But, can you stay inside, and not go out to take care of matters, for one day. Sun-up to after sun-down.?


----------



## Cyngbaeld (May 20, 2004)

No, I couldn't stay inside. Stay home, yes but I have too many outside chores and animals that would suffer if I didn't go outside to tend them.


----------



## Space Cowboy (Apr 26, 2008)

Interesting question Angie. It took me a minute to think about it, but it happens all the time in Wyoming. I was just snowed in at my house. I was stuck for two days. Outside animals needed very little care. Got a lot done in the house. If it was summer it might be a different story. However, _everyone_ is armed here. He wouldn't get very far...


----------



## Forerunner (Mar 23, 2007)

AngieM2 said:


> But, can you stay inside, and not go out to take care of matters, for one day. Sun-up to after sun-down.?


Now Angie.....you know the answer to that.

I've always got my knitting needles. :shrug:


----------



## painterswife (Jun 7, 2004)

AngieM2 said:


> But, can you stay inside, and not go out to take care of matters, for one day. Sun-up to after sun-down.?


This is the city not the country and a very different scenario. Close quarters lots of people creates very different problems for police than it would in the country where your neighbors are farther apart and you can see them coming.

I could stay inside if in the city because I would not have large animals to feed. Here in the country I can see them coming.they would not ask me to stay inside here.


----------



## ovsfarm (Jan 14, 2003)

The animals that I have could manage for one day. They would get really cranky if I didn't come feed if it was winter, but they do have plenty of water and could manage on their own in a crisis. If it were spring, summer, or fall some of them wouldn't even notice whether I made it out or not, since they are on pasture.

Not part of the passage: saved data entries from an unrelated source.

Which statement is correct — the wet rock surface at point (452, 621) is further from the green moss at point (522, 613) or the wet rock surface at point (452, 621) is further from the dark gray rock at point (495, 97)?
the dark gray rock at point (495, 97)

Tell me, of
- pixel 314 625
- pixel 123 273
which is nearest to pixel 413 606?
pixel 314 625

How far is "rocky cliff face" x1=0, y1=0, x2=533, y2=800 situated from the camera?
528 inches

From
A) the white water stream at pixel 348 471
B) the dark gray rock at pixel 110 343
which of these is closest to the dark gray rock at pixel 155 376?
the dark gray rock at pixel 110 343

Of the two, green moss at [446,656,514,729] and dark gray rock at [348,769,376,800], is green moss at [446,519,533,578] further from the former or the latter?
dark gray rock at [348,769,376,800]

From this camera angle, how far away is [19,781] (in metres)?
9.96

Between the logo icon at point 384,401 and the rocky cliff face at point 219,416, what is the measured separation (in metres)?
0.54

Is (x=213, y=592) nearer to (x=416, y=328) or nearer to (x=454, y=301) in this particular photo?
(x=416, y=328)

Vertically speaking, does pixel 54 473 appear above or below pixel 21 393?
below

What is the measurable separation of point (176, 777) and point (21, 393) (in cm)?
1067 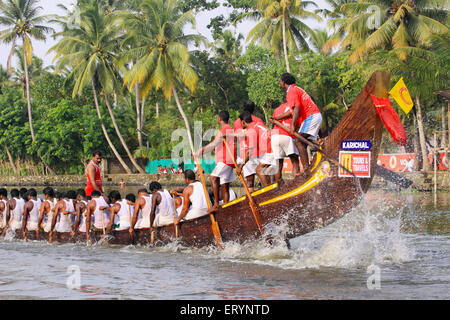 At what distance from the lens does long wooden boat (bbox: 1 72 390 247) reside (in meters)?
7.83

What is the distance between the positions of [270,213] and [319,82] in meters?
26.1

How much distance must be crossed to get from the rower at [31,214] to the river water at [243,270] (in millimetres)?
969

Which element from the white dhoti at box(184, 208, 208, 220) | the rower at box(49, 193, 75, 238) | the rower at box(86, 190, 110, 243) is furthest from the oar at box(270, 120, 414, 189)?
the rower at box(49, 193, 75, 238)

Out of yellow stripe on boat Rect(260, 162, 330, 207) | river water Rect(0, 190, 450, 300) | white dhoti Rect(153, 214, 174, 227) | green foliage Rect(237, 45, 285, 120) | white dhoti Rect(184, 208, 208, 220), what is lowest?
river water Rect(0, 190, 450, 300)

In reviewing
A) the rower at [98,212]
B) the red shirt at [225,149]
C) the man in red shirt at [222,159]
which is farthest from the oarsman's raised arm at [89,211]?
the red shirt at [225,149]

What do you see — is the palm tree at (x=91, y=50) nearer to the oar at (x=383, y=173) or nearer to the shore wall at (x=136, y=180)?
the shore wall at (x=136, y=180)

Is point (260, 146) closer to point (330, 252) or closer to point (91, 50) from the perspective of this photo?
point (330, 252)

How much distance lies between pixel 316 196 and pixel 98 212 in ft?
15.6

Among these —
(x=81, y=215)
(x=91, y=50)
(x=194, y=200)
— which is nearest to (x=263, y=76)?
(x=91, y=50)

If it were winter, I would have someone cover me while I popped out to the porch to grab enough firewood to last a good while. In the summer, we might get a little stuffy if we couldn't unlock/open the downstairs windows. However, I suppose we could, if we stationed an armed guard by each one.


----------



## Becka03 (Mar 29, 2009)

Forerunner said:


> Now Angie.....you know the answer to that.
> 
> I've always got my knitting needles. :shrug:


Yep My thoughts excactly- 
I usually fill the rabbits food at night before bed - so he would be good till the next sundown


----------



## JJohnson (Jun 7, 2012)

If I personally felt my life would be in danger if I left the house I would be able to remain inside all day/night or how ever long needed. But I would not be forced by anyone else. I would make my own judgement an access the risk myself.

There's also a big difference between police asking or giving a safety warning for people to remain in their homes then actually enforcing people to remain in their homes by arresting those who dont comply. News stations warn people all the time to remain indoors during severe thunderstorms or tornado warnings but people are still free to go outside if they choose.


----------



## Sonshine (Jul 27, 2007)

No problems for us. My critters might not be too happy about being locked up all day, but we always have extra food and water in their barn and chicken house so they would be ok. Only problem I'd have is my dogs going to the bathroom in the house, but I could contain them to the laundry room with papers for easy clean up.


----------



## Rocktown Gal (Feb 19, 2008)

I believe I could. Hay is out for the cattle...grass is getting green and they are eating that also...and for water they have the creek.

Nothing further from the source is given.